Brick-and-mortar is both dead and still matters, depending on who you ask, but according to a new report from the International Council of Shopping Centers (ICSC), shopping malls will become increasingly important to consumers as Christmas Day creeps closer.
The survey, published Monday, said that people will stop by a shopping center seeking goods and services on average 6.5 times a week between now and Dec. 25, spending about $147 a week.
For retailers, that translates to $4.3 billion a day in sales, or $30 billion a week.
“Whether it’s to find the perfect gift, take the kids to see Santa, support a charitable activity, get the ingredients needed for the holiday cookies or simply enjoy a meal with friends and family, shopping centers are truly the hub of the holiday shopping season,” Thomas McGee, ICSC president and CEO, said in a press release.

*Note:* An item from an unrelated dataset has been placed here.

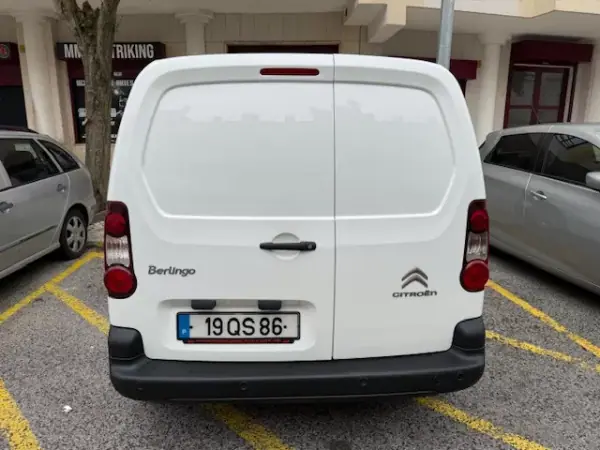 Citroën Berlingo 2015 - 7900 EUR, 221000 km - AUTO.MOTO.pt - 221000km - foto 10 de 29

Indeed, mobile devices may have changed the way consumers shop, but most still do the majority of their spending at physical stores. In fact, 83 percent of those surveyed by the ICSC said they visit a shopping center at least once a week, including 92 percent of 18 to 24 year olds. Somewhat surprisingly, young consumers visit stores on average 10.8 times a week.
“Although it may seem counter-intuitive that the most wired consumer—Millennials between the ages of 18 and 24—spend the most time at shopping centers, today’s shopping centers are more than places to simply buy goods and services as they have incorporated a multitude of dining and entertainment venues into their tenant mix,” McGee explained, adding, “Combined with the fact that shopping is no longer a choice between clicks and bricks but rather an omnichannel journey that often leads to fulfillment at a physical store, it is not surprising that consumers visit shopping centers so often.”
Another reason people call to brick-and-mortar locations: in-store pickups. An earlier survey conducted by ICSC over the Black Friday weekend found that 40 percent of Thanksgiving Day shoppers bought something online from a retailer with a physical presence and picked up that item in store. Thirty-two percent of Black Friday shoppers did the same. More importantly, about six in 10 spent even more once they were in-store, which ICSC put down to whatever research the customers had done online prior to their visits.
“Armed with this information, consumers’ holiday shopping journeys are productive and efficient with the shopping center positioned at the heart of their total experience,” McGee concluded.